I paused the blog because I found myself repeatedly writing about my mother’s decline, amid other personal chaos. In short, I felt that all I was writing about was how to hang on by your fingernails. I grew weary of that and feared you did too, Reader.
Three years later I have a firmer foothold on things. I think.
I scattered my mother’s ashes on the crocus lawn at Golders Green Crematorium. I have no belief in an afterlife, but I do like the gentle symmetry of having taken her home to the London that she loved, to her parents and sister. I don’t believe in “closure”. I do believe in scar tissue. It’s a sign of healing, and it’s tougher than the original. Watching my mother’s grey dust swirl away gave me a bittersweet sense of a task completed as best I could though perhaps to no effect.
Last October the little dog (best boyfriend EVER) and I moved to Port Hope. This is not what I wanted, worked or hoped for, but that does not not mean it is bad. Politics and life are arts of the possible, or as I repeatedly tell my friends, “it’s all about having a Plan B”.
I’m now on Plan M. I have made it through my first winter, which is when I feared I might die of loneliness. There has been a steady stream of visitors and new friends found. I am unutterably grateful for both.

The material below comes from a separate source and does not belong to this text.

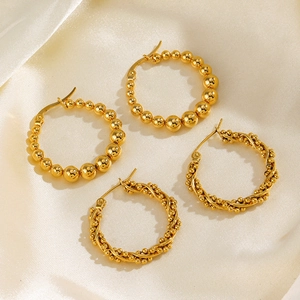 Boucles d'oreilles créoles dorées en acier inoxydable sur fond de soie beige élégant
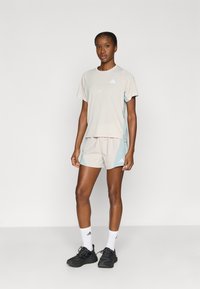 Αθλητική μπλούζα και σορτς σε ανοιχτό μπεζ χρώμα με ανοιχτές γαλάζιες πινελιές. Περιλαμβάνει λεπτομέρειες με λογότυπο και χαλαρή εφαρμογή. Συνδυάζεται με μαύρα αθλητικά παπούτσια.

Now Reader, I know the question you most want answered is, what’s for lunch? Today it is Coronation Chicken Salad, The Hairy Bikers’ Recipe. If I weren’t eating alone I would have it with a rosé. Sunday I’m having some of my new townsfolk for drinks and nibbles. Among the things I will serve is a ricotta, prosciutto, garlic and basil dip that I first made for a long ago boyfriend (two legs, bad).
I hope to resume posting once a month. I’m thinking about things such as how to use up a whole container of buttermilk, my favourite picnics and my very own all Canadian brunch. I welcome suggestions. Now for things to read. . .
A Triumvirate of Titles
When my mum was ill I found it hard to read. I played countless games of solitaire on my iPod. Immediately after the move I found it easier to knit than read (a cardigan, a pullover and and a shawl). Nonetheless I have been reading over the the last three years. These are the three titles that come immediately to mind. Life After Life by Kate Atkinson, definitely a desert island book for me - this won lots of awards and was widely reviewed, so I won’t explain further. I gave multiple friends Penelope Lively’s essays on aging Dancing Fish and Ammonites for Christmas a couple of years ago. Iris Origo’s War in Val D’Orcia is a memoir that should be ranked with Robert Graves’ Goodbye to All That.